Cristiana Fanelli e Cristina Guarnieri
LA LINGUA DI DANTE, TRA IL DICIBILE E L'INDICIBILE
La tensione verso il “dire” porta ogni poeta sui limiti del dicibile. E così, al culmine della Divina Commedia, Dante incontra il confine ultimo del linguaggio, quello in cui il parlare cede, viene meno e fa posto alla visione:
Da quinci innanzi il mio veder fu maggio
che 'l parlar mostra, ch'a tal vista
cede, e cede la memoria a tanto oltraggio
Nell’italiano moderno la parola oltraggio significa “offesa”, “affronto”, ma Dante ricorre ad “oltraggio” perché dentro c’è la parola “oltre”. La grazia è un’esperienza dell’oltre, è un eccesso, qualcosa che arriva fuori calcolo. Il termine oltraggio, infatti, nel linguaggio cortese significa “dismisura”. Oltraggio allora è la versione dantesca dell'excessus mentis della mistica cristiana: la mente esce fuori di sé e tende verso l’Altro.
Mentre il linguaggio cede, anche la visione perde i suoi oggetti. Non ci sono più, a partire da questo momento estatico, né cieli, né beati, né Empireo, né la rosa, e nemmeno più Maria. Dante è solo dinanzi a Dio: ma come dire l’indicibile?

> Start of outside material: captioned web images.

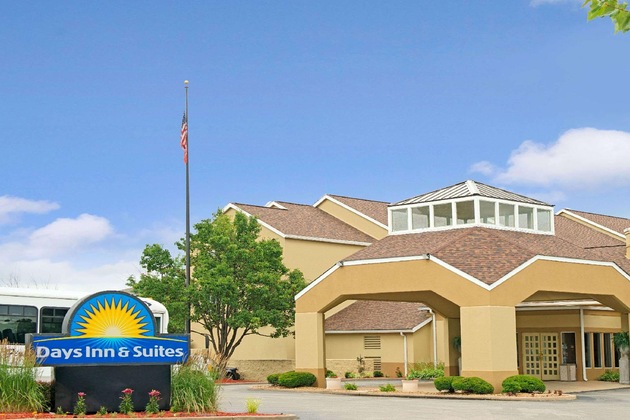 Gallery - Days Inn & Suites By Wyndham St. Louis Westport Plaza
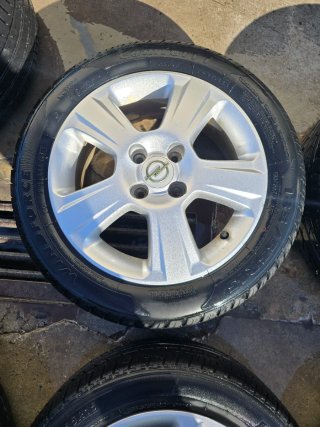 Llantas Opel Corsa 15' con neumáticos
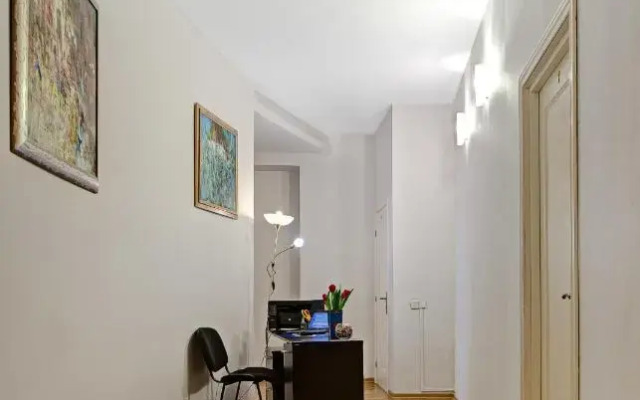 Меблированные комнаты Версаль на Брестской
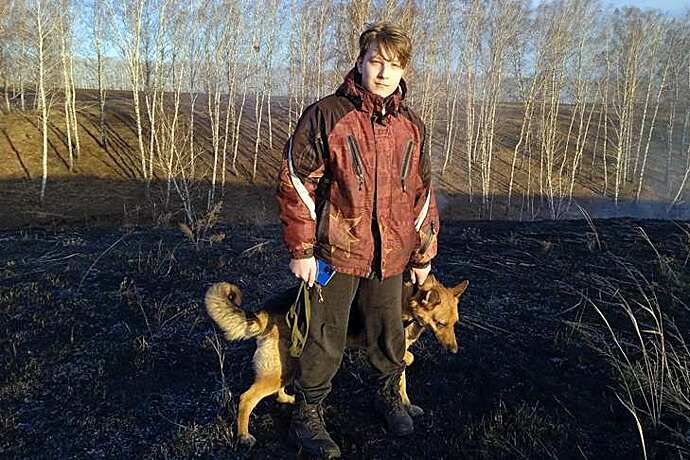Семиклассник Артем Перков и его собака спасли поселок Линево от огня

Nel ciel che più de la sua luce prende
fu’ io, e vidi cose che ridire
né sa né può chi di là su discende
Dante, si sta avvicinando all’oggetto massimo del suo desiderio, sta “appressando sé al suo disire”, e vive un’esperienza estatica:
Trasumanar significar per verba
non si poria; però l’essemplo basti
a cui esperienza grazia serba
Quando nella nostra vita facciamo esperienza della grazia, della bellezza, dell’amore, il primo sentimento che proviamo non è l’insufficienza delle nostre parole? Bisogna trovare nuove parole, perché è il mondo che si illumina diversamente. È anche questa l’esperienza del desiderio. Improvvisamente diventiamo capaci di creare cose nuove.